* _WHAT YOU HAVE TO DO_
All entries below are to be returned exactly, with pictures left out.

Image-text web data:
——

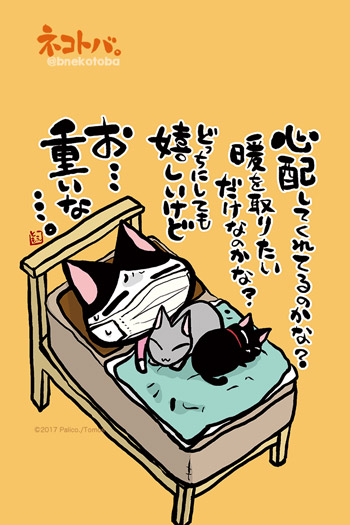 ネコトバ。374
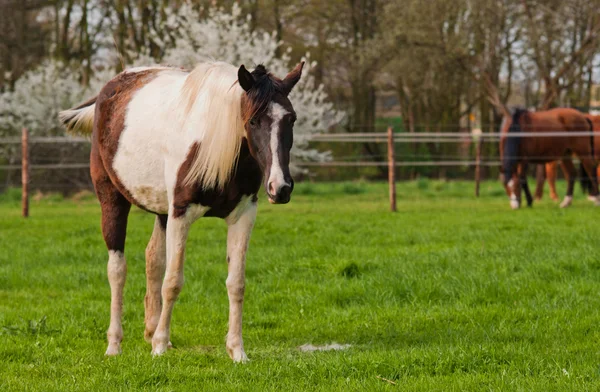 Cavallo marrone e bianco — Foto Stock
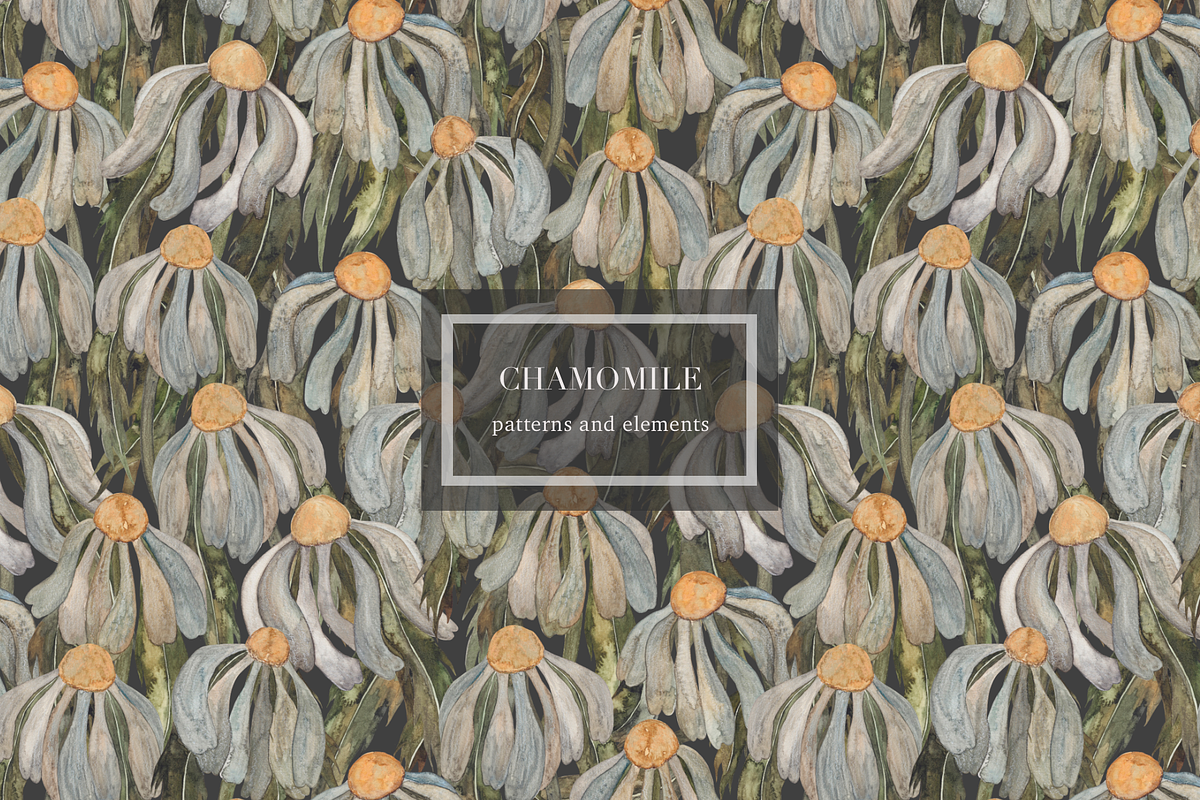 Patterns Chamomile, an Illustration by PASHKOVA (Photo 1 of 11)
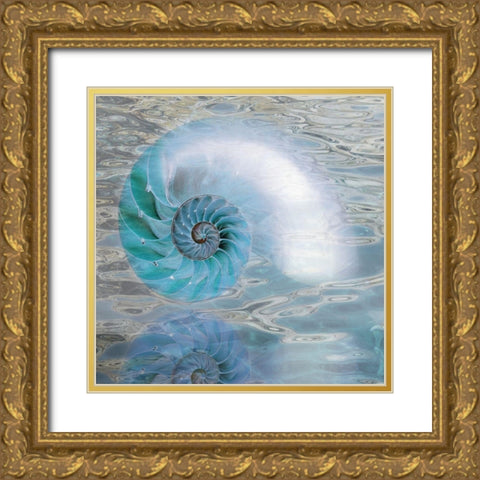 Nautilus Reflection II Gold Ornate Wood Framed Art Print with Double Matting by Franklin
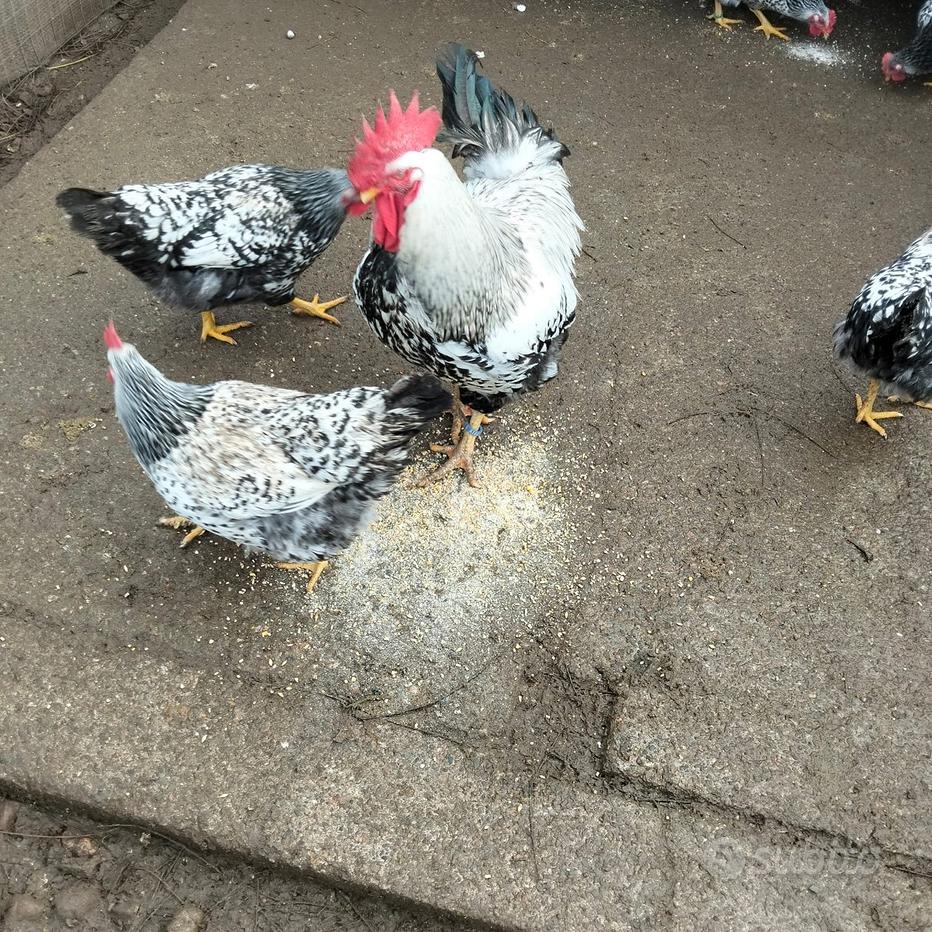 Sviluppo Delle Uova Di Gallina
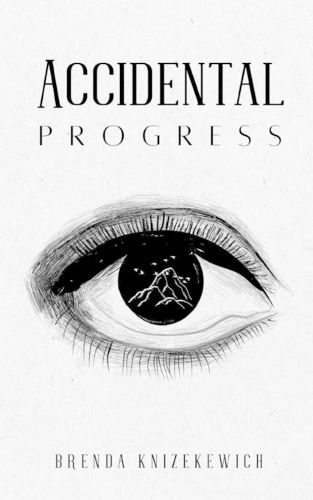 Cover image for Accidental Progress
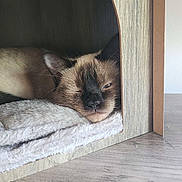 Bean joined the competition — help win amazing prizes! cat, siamese, sleeping, pet_house, blanket, wood, cozy, resting, fur, animal, indoor, cute, whiskers, face, ears, relaxation, home, comfort, feline, nap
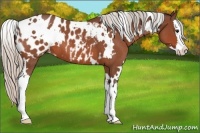 Horse Color:White Spotted Silver Bay Roan Splash Appaloosa 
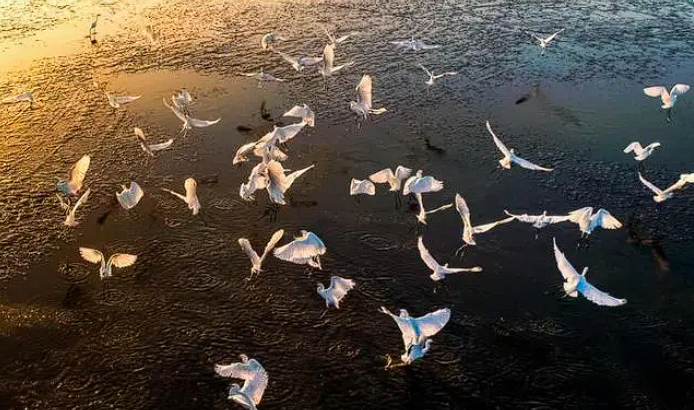 1729132515187641.png image.png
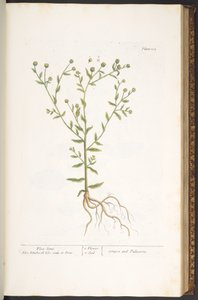 プレート 103、「A Curious Herbal」より 作： Elizabeth Blackwell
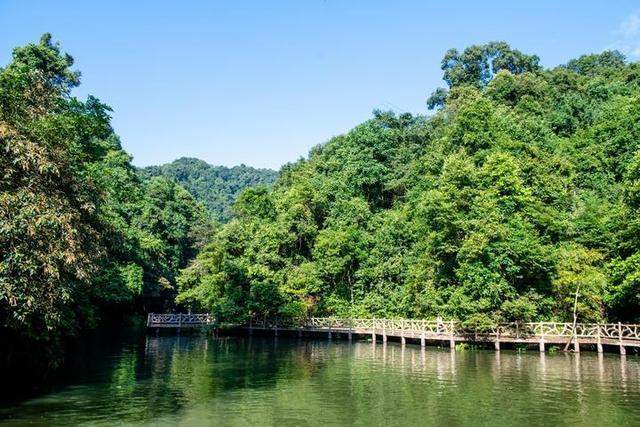 广西柳州最值得去的4A景区，以原始深山野林探险为特色，你想去吗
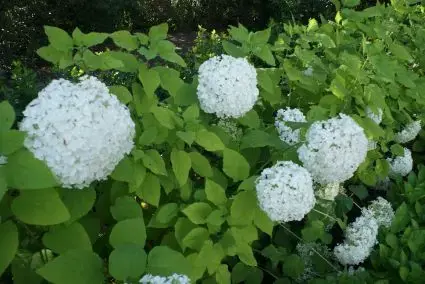 Fabrieksprijs | Hortensia (Hydrangea arborescens ‘Grandiflora‘)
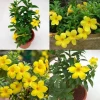 Set of 2 Brown Bud Allamanda Live Plants, Bright Yellow Bell Flowers, 4-6 Inch Tall - Image 1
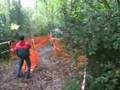 Course Solex
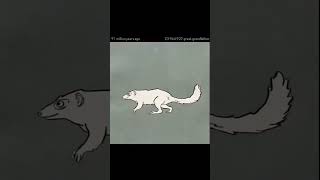 Evolution Explained In 11 Seconds #funny #neet #science #evolution #newmemes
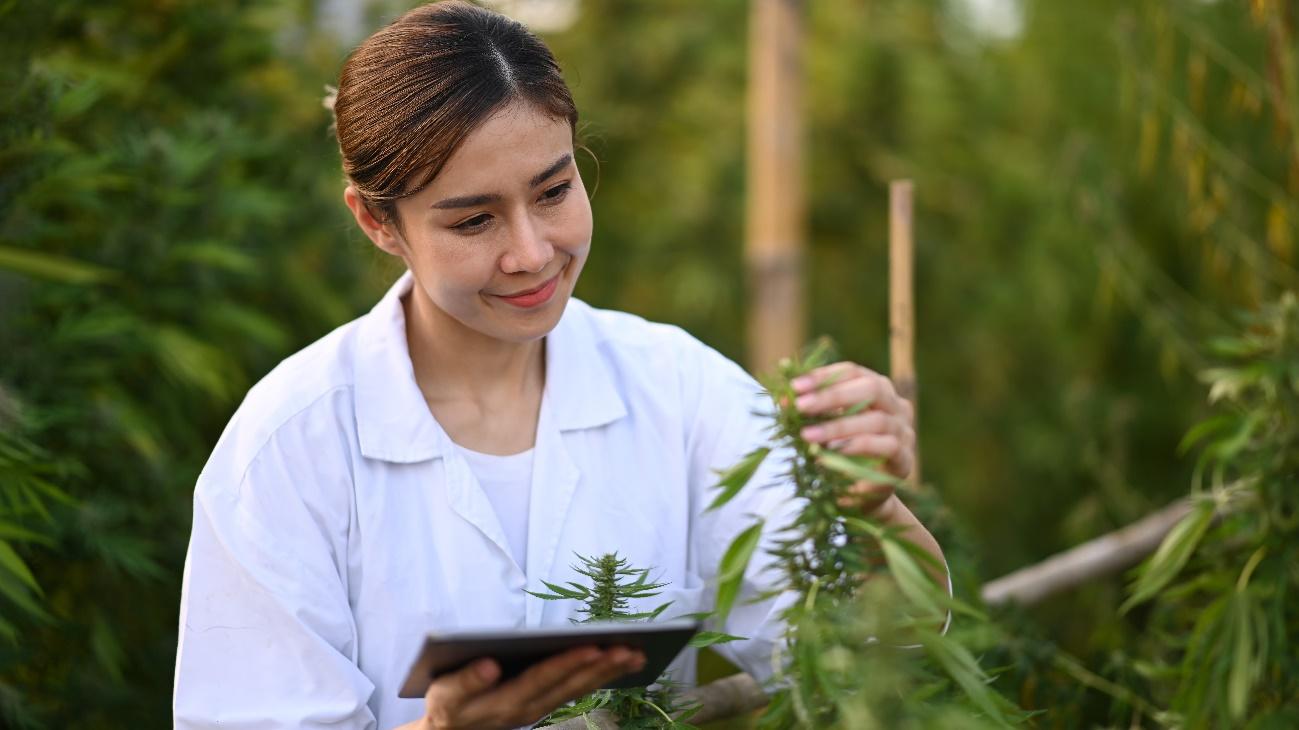 medicina canabinoide estudos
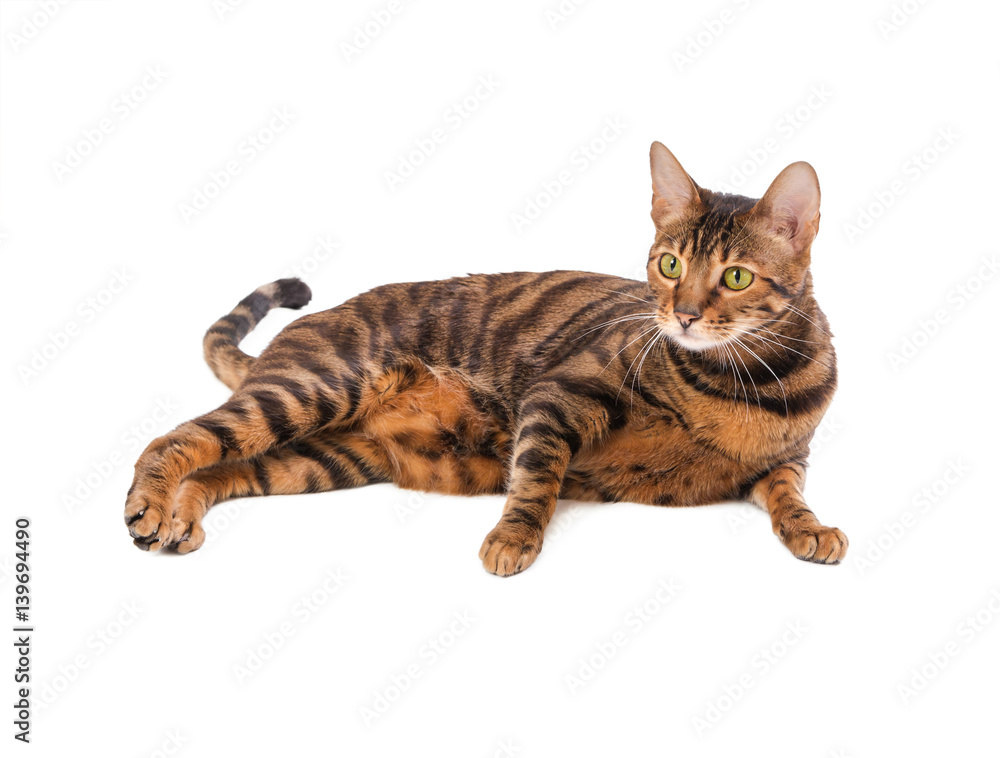 Cat breed Toyger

——

* _RESPONSE_
 ネコトバ。374
 Cavallo marrone e bianco — Foto Stock
 Patterns Chamomile, an Illustration by PASHKOVA (Photo 1 of 11)
 Nautilus Reflection II Gold Ornate Wood Framed Art Print with Double Matting by Franklin
 Sviluppo Delle Uova Di Gallina
 Cover image for Accidental Progress
 Bean joined the competition — help win amazing prizes! cat, siamese, sleeping, pet_house, blanket, wood, cozy, resting, fur, animal, indoor, cute, whiskers, face, ears, relaxation, home, comfort, feline, nap
 Horse Color:White Spotted Silver Bay Roan Splash Appaloosa 
 1729132515187641.png image.png
 プレート 103、「A Curious Herbal」より 作： Elizabeth Blackwell
 广西柳州最值得去的4A景区，以原始深山野林探险为特色，你想去吗
 Fabrieksprijs | Hortensia (Hydrangea arborescens ‘Grandiflora‘)
 Set of 2 Brown Bud Allamanda Live Plants, Bright Yellow Bell Flowers, 4-6 Inch Tall - Image 1
 Course Solex
 Evolution Explained In 11 Seconds #funny #neet #science #evolution #newmemes
 medicina canabinoide estudos
 Cat breed Toyger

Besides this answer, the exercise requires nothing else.